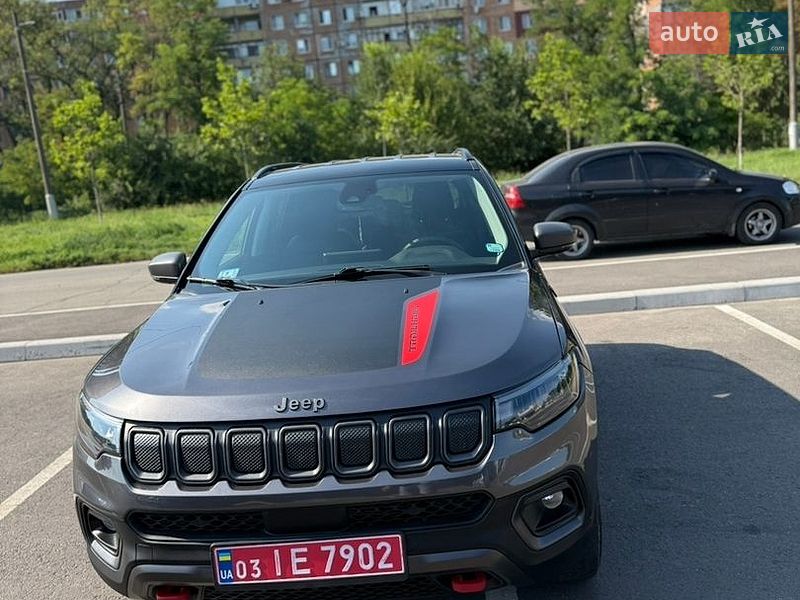 Внедорожник / Кроссовер Jeep Compass 2021 в Кривом Роге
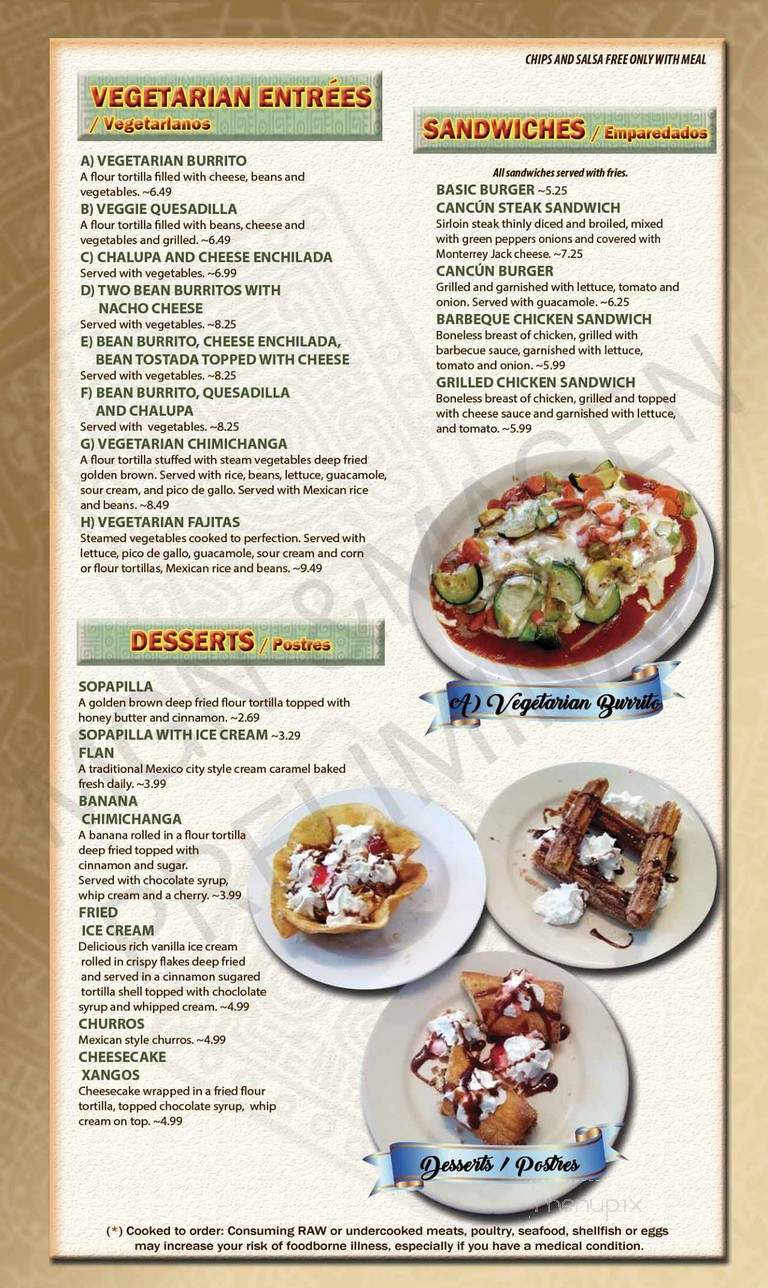 Cancun Mexican Restaurant & Cantina - Greeneville, TN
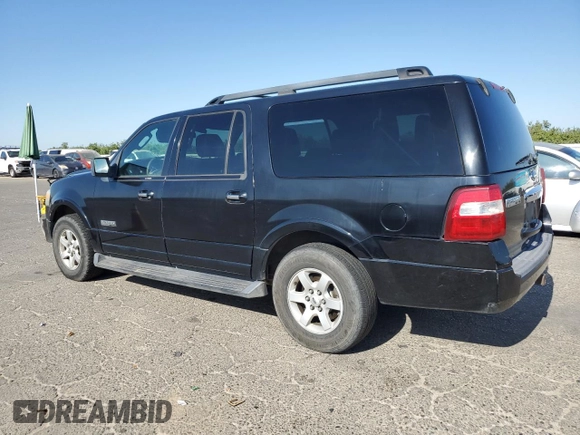 2008 Ford Expedition Max SSV with VIN 1FMFK15558LA48761, listed as a Copart auction lot 64095825 with 237,697 mi miles and Clean title. Bid and sale history available at DreamBid. Image 2.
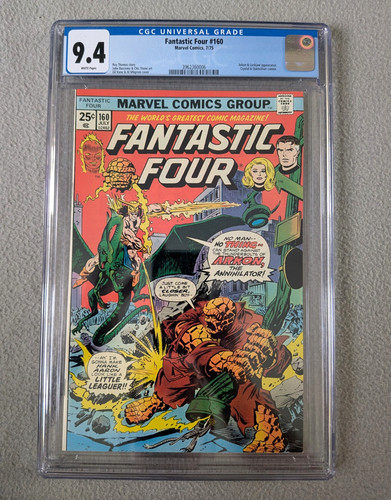 Marvel fantastic four 160 - marvel,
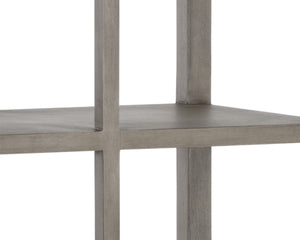 KENZIE BOOKCASE - GREY
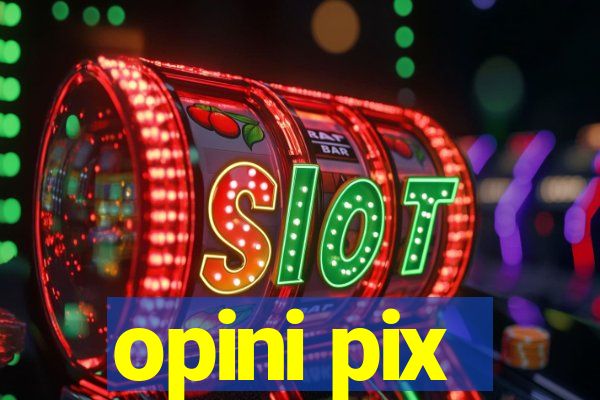 opini pix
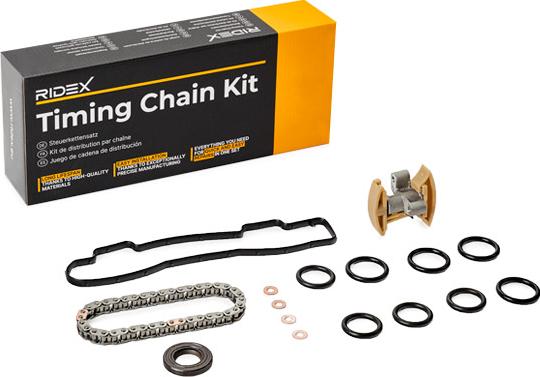 RIDEX 1389T0258 - Kit de distribution par chaîne cwaw.fr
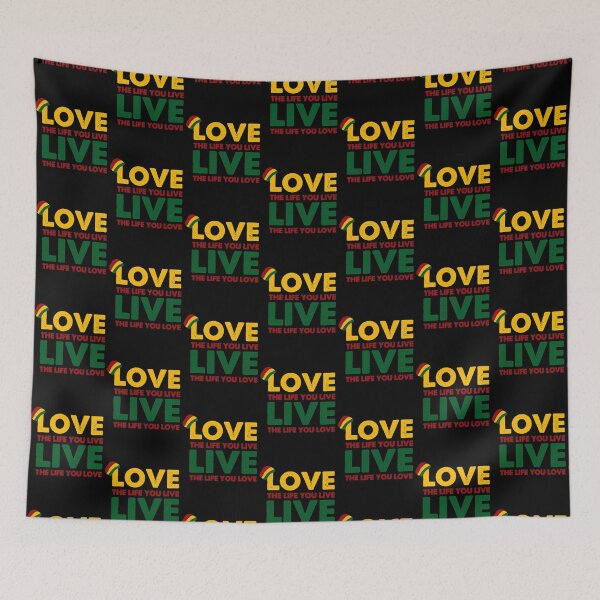 Item preview, Love the life you live, live the life you love| Perfect Gift designed and sold by gearadine.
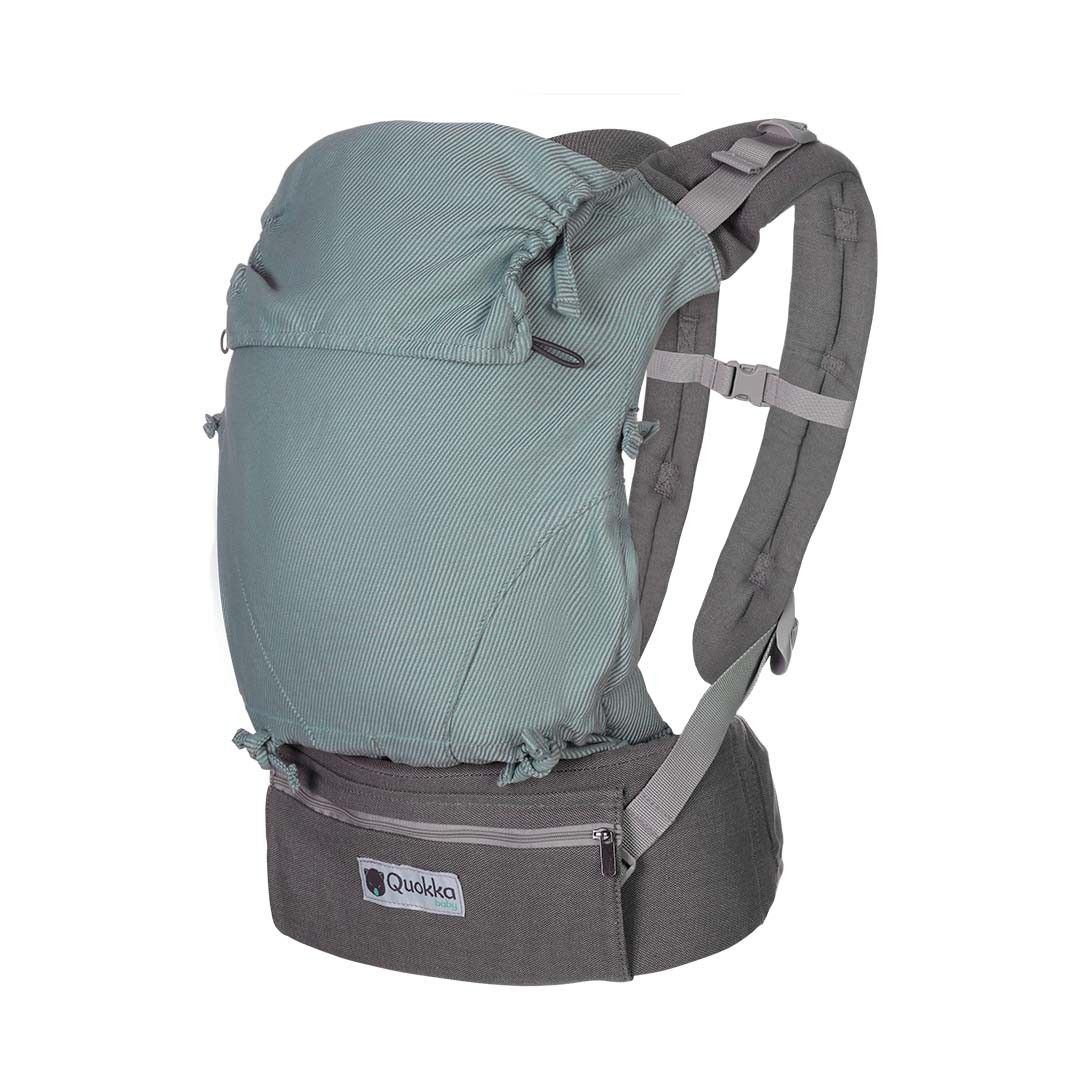 Quokkababy E-Carrier Mochila Portabebés - Mint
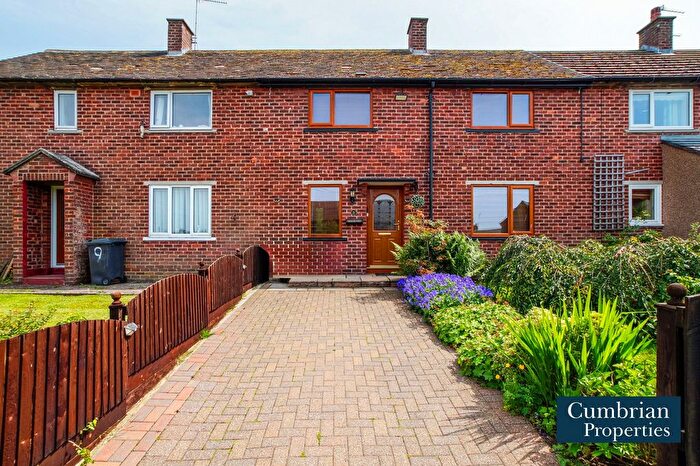 3 Bedroom Terraced House For Sale In Berrymoor Road, Brampton, CA8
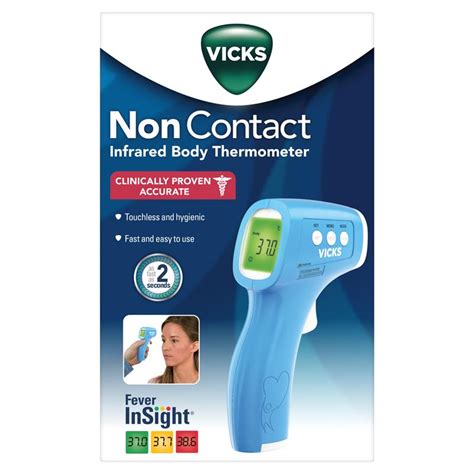 Buy Vicks Non Contact Infrared Body Thermometer Online At Chemist Warehouse®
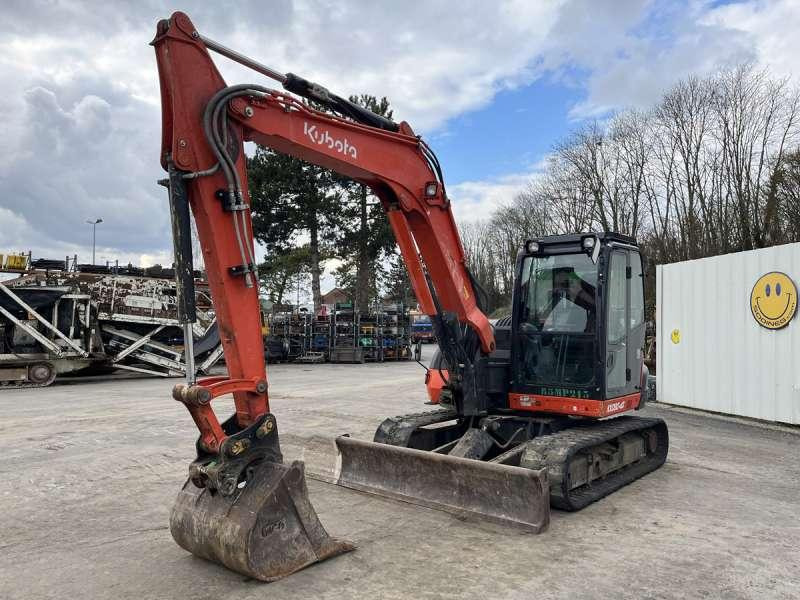 Kubota KX080-4A - Bager gusjeničar: slika Kubota KX080-4A - Bager gusjeničar Kubota KX080-4A - Bager gusjeničar: slika Kubota KX080-4A - Bager gusjeničar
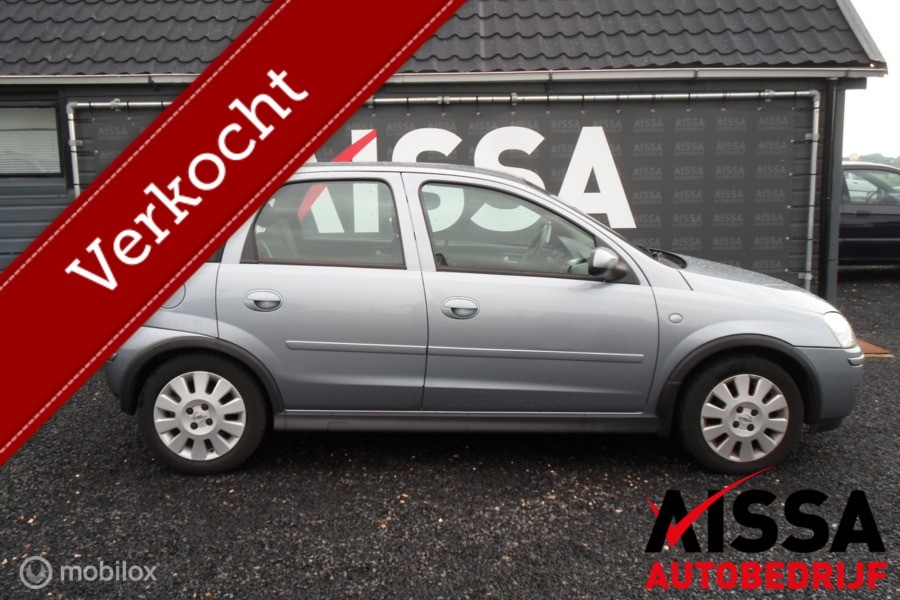 Opel Corsa 1.4-16V silverline APK TOT 08-2020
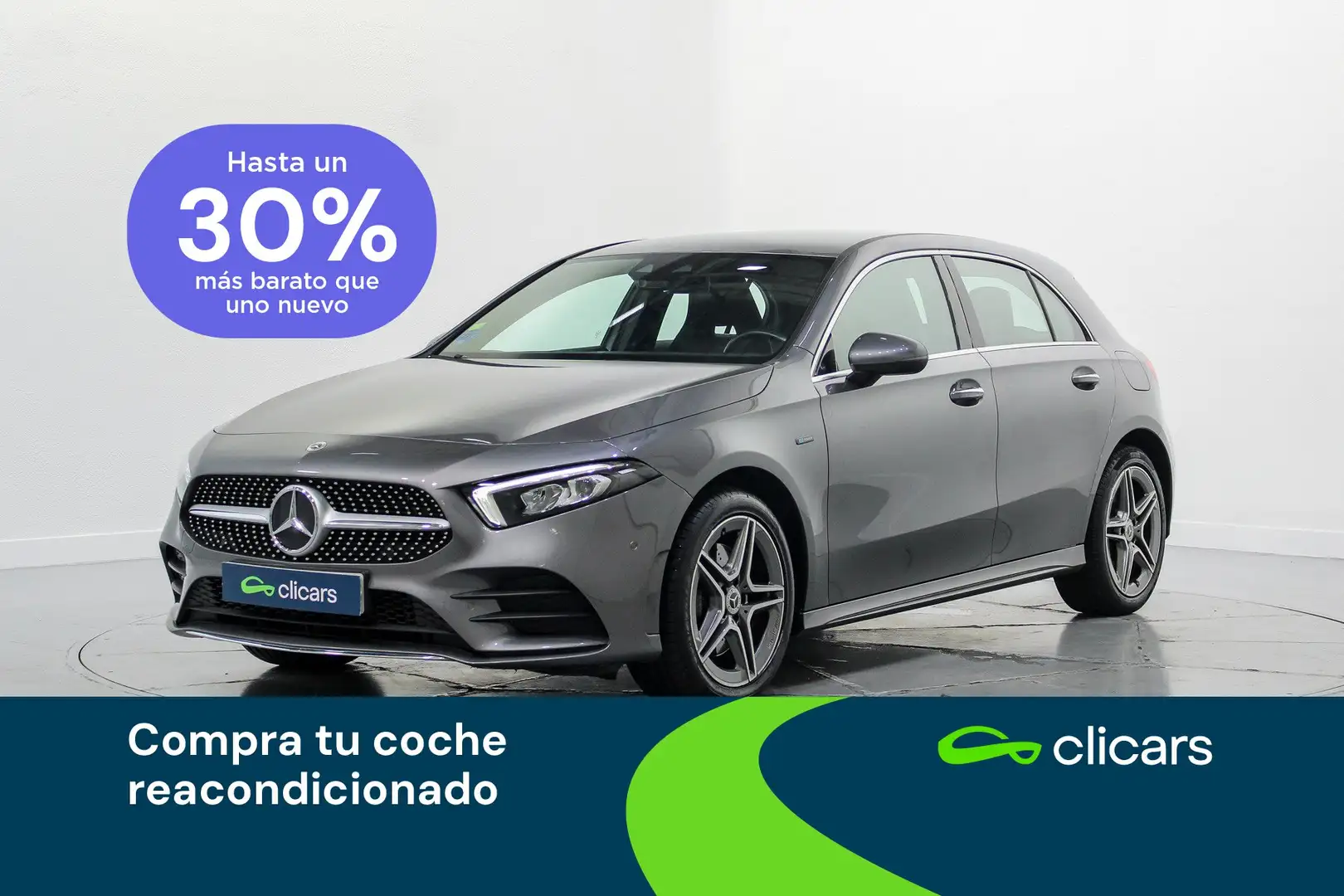 Mercedes-Benz A 250 250e 8G-DCT Blanco - 1
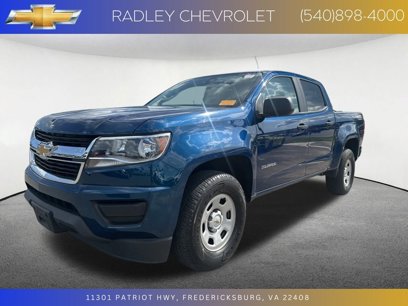 Used 2020 Chevrolet Colorado W/T w/ WT Convenience Package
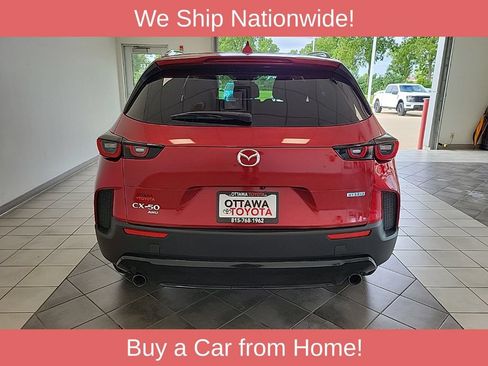 Used 2025 MAZDA CX-50 AWD 2.5 Hybrid w/ Premium Pkg image 7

______________________________

• [DIRECTIONS] No pictures belong in the copy; quote exactly the lines from the line containing "Mercedes-Benz A 250 250e 8G-DCT Blanco - 1" through the final line of the material, both ends included.

• [RESULT OF THE TASK]
 Mercedes-Benz A 250 250e 8G-DCT Blanco - 1
 Used 2020 Chevrolet Colorado W/T w/ WT Convenience Package
 Used 2025 MAZDA CX-50 AWD 2.5 Hybrid w/ Premium Pkg image 7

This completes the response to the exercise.